Short web captions:
====================

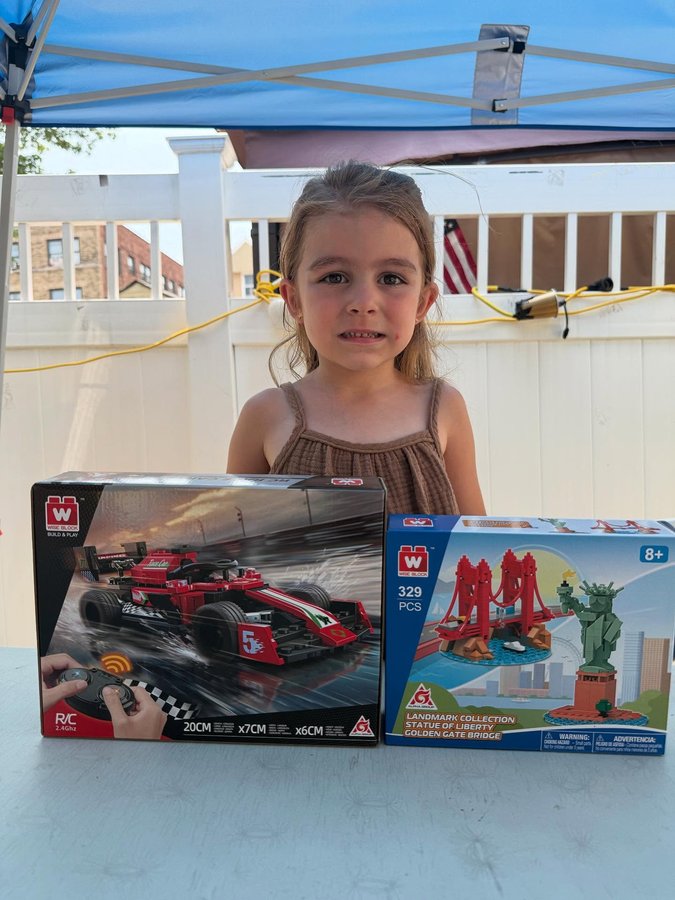 Instagram post by @stellaberberi20 for Alpha Toys. Caption reads: I love playing with construction toys, and I....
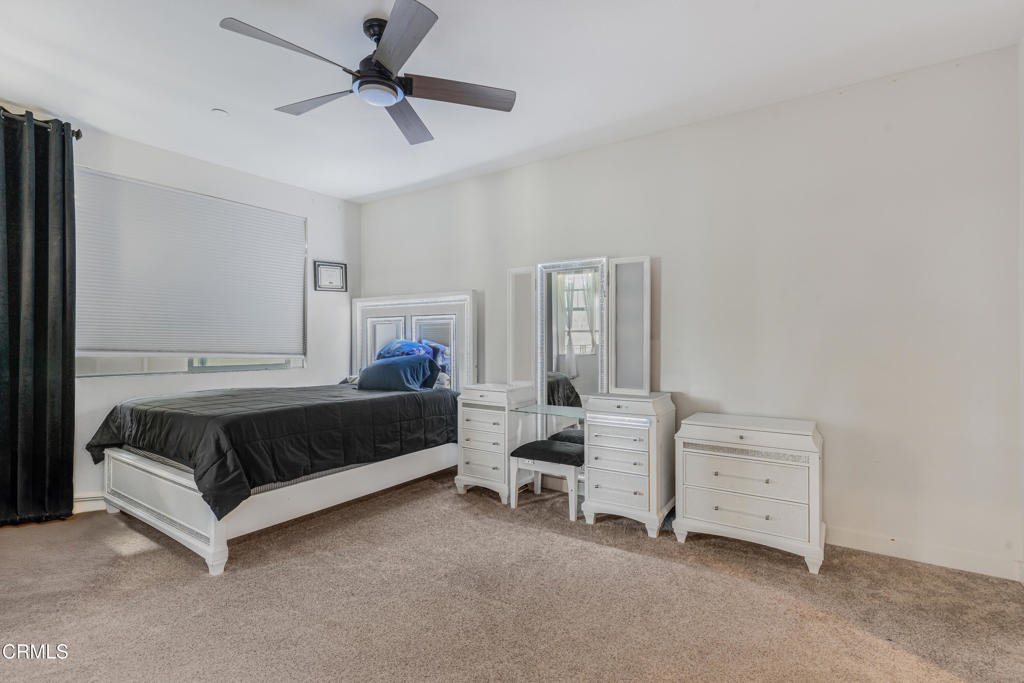 2820 Wagon Wheel Road, Unit 302 Oxnard, CA 93036 - Photo 9 of 26 a bedroom with a bed and a chandelier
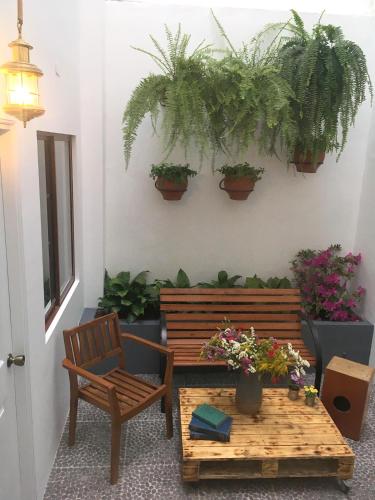 a patio with a bench and a table and potted plants at Belma Boutique Bed and Breakfast in Lima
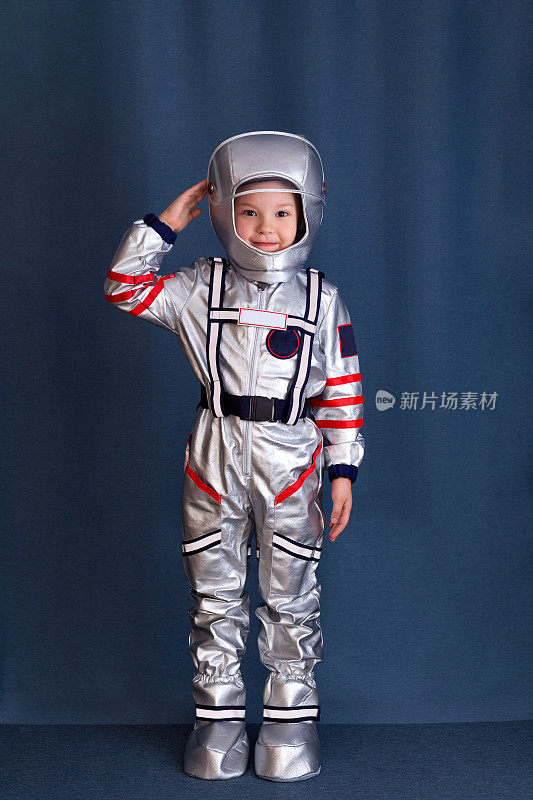 宇航员的概念。小男孩的肖像在宇航员服装和头盔上的蓝色背景。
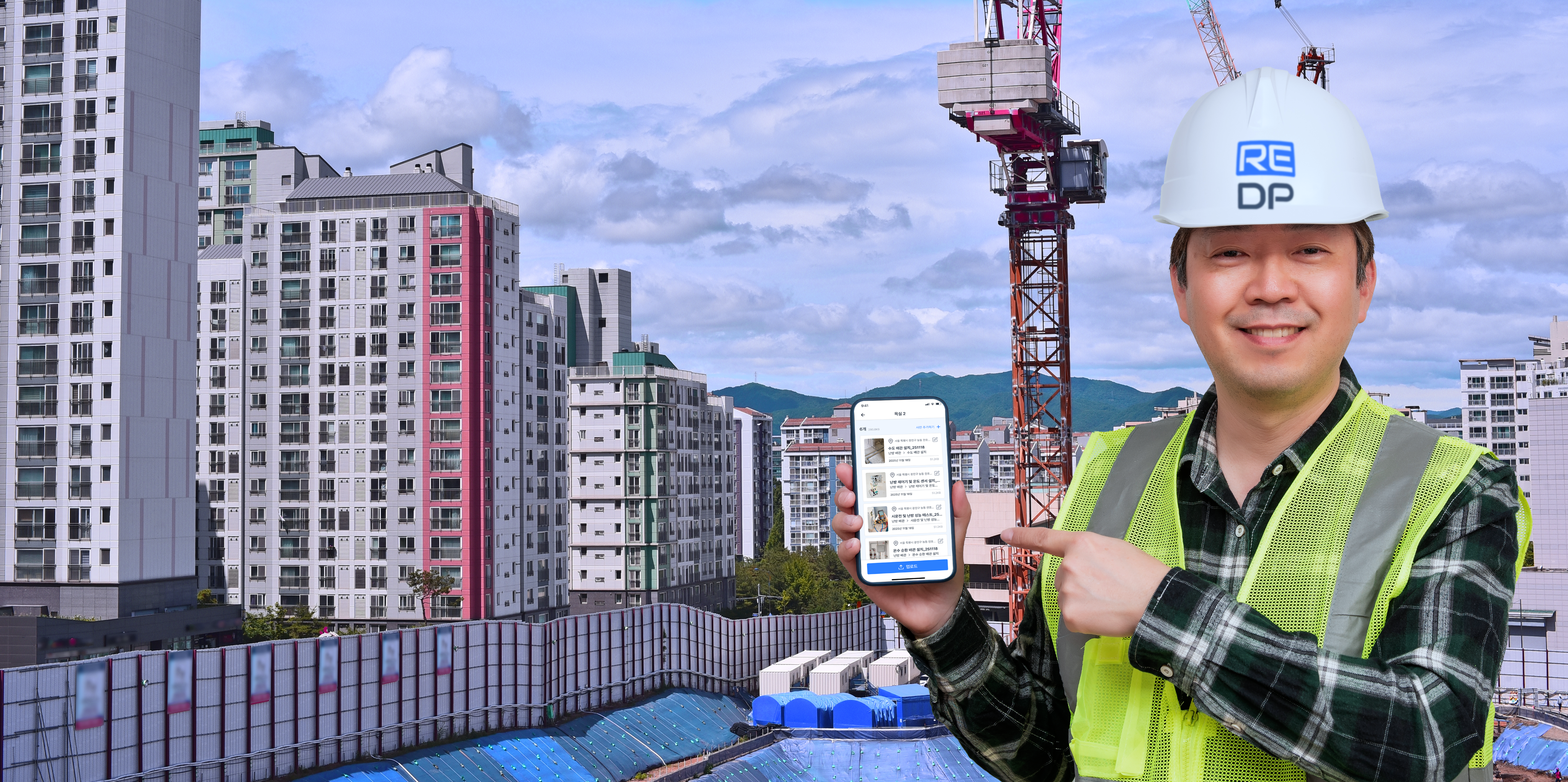 건설현장 작업자가 리네임 DP 화면이 열린 휴대폰을 가리키는 모습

====================

→ **Activity**: The final stretch of the data, from the line with "a patio with" through its last line, is to be retyped exactly; pictures are not part of the copy.

→ **Completed task**:
 a patio with a bench and a table and potted plants at Belma Boutique Bed and Breakfast in Lima
 宇航员的概念。小男孩的肖像在宇航员服装和头盔上的蓝色背景。
 건설현장 작업자가 리네임 DP 화면이 열린 휴대폰을 가리키는 모습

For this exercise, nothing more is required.